BRIEF: For the records that follow, give the number of lines in which the word "desejado" occurs, with nothing added.

TASK DATA:
[Start of section]

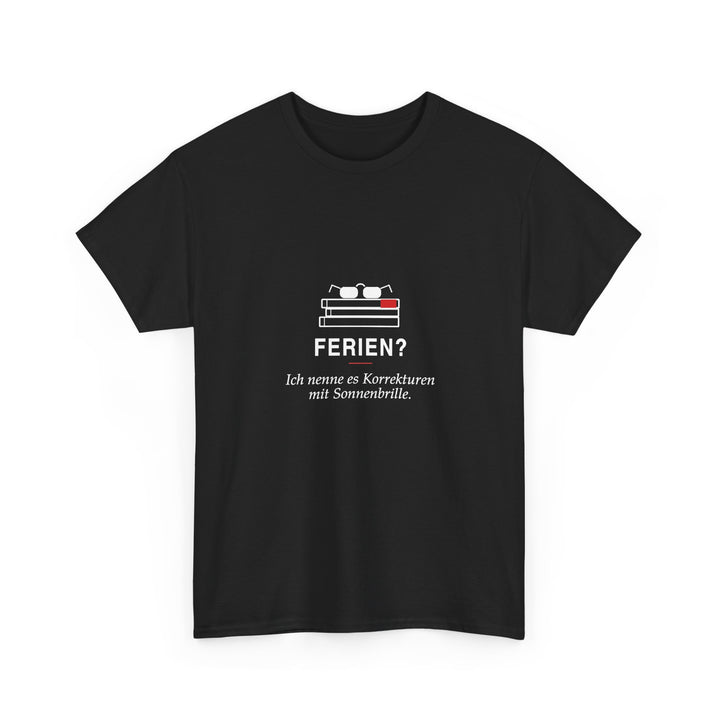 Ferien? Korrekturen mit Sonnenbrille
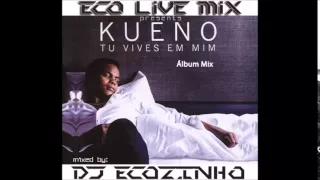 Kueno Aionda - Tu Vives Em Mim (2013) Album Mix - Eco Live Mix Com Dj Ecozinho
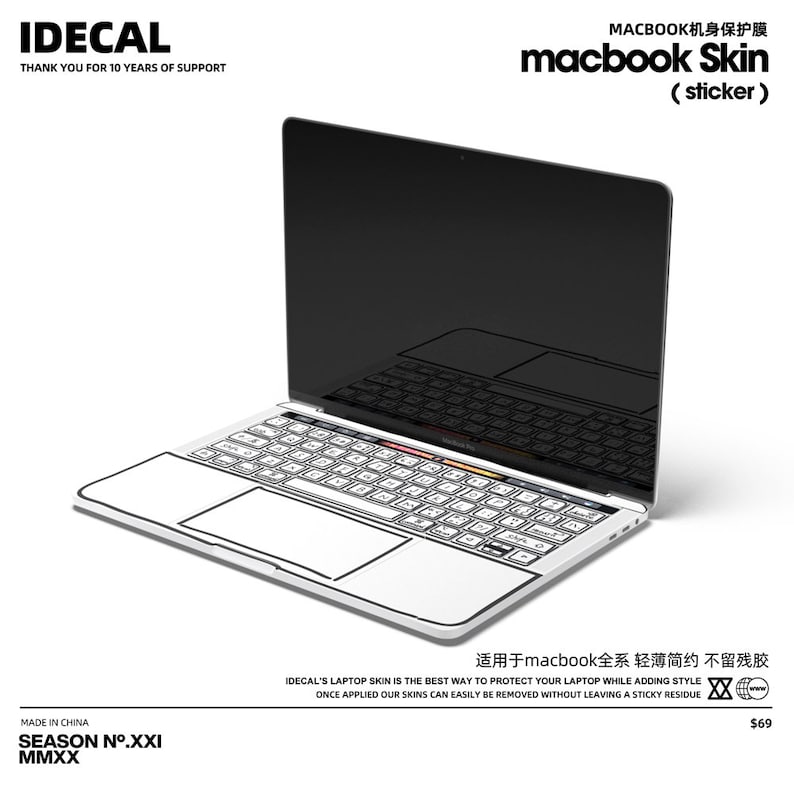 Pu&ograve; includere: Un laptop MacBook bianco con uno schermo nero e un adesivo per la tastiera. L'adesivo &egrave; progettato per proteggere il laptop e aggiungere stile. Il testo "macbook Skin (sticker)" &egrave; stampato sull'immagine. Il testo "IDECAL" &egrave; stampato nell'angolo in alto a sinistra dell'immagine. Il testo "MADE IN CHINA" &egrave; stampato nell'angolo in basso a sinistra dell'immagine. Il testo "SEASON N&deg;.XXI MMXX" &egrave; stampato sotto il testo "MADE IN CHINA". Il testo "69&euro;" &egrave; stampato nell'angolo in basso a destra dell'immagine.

[End of section]
[Start of section]

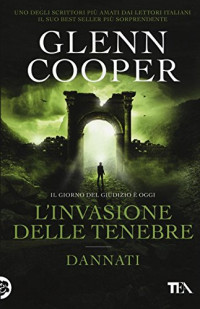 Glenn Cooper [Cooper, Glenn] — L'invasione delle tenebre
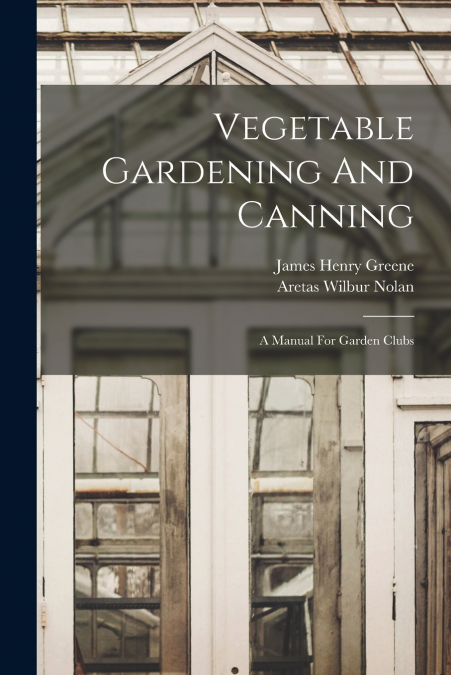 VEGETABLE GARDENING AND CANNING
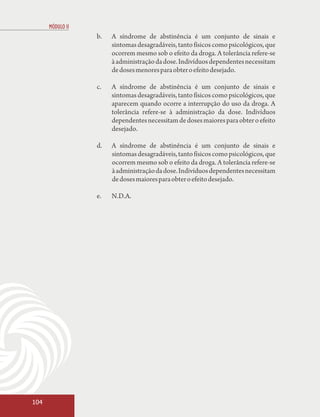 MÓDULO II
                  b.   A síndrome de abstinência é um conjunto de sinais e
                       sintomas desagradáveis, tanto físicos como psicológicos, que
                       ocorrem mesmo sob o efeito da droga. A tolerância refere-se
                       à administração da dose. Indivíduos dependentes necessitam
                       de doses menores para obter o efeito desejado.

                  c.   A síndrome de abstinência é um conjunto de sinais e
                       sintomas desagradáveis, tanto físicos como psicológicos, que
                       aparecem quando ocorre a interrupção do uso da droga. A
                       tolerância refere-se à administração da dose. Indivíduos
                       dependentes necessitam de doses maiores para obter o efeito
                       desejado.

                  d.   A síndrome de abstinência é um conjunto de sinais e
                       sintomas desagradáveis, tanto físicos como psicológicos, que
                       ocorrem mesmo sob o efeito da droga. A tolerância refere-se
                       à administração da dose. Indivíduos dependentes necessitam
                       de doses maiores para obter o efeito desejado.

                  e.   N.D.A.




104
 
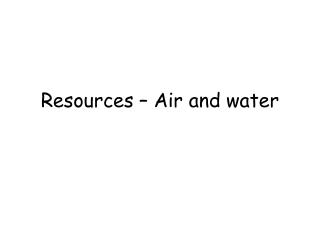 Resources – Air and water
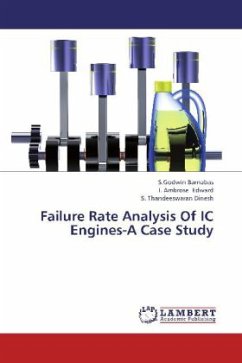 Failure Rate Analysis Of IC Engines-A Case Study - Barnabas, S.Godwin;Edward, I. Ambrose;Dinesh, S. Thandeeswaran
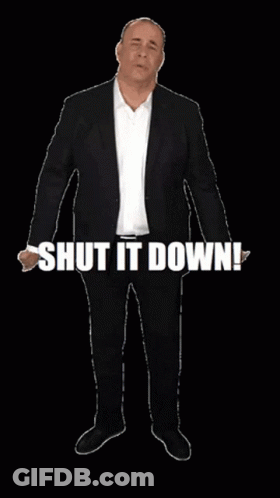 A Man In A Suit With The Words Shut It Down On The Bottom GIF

[End of section]
[Start of section]

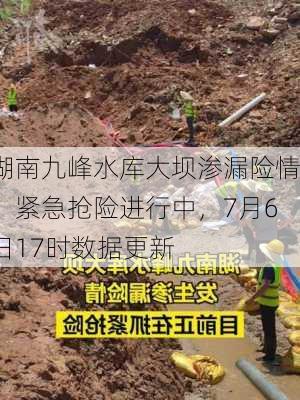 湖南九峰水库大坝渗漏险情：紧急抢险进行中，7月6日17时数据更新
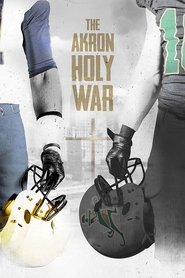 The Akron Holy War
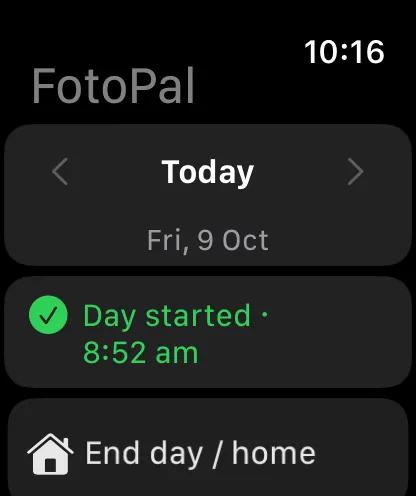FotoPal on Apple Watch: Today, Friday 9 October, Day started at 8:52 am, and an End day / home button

[End of section]

THE COMPLETED TASK: 3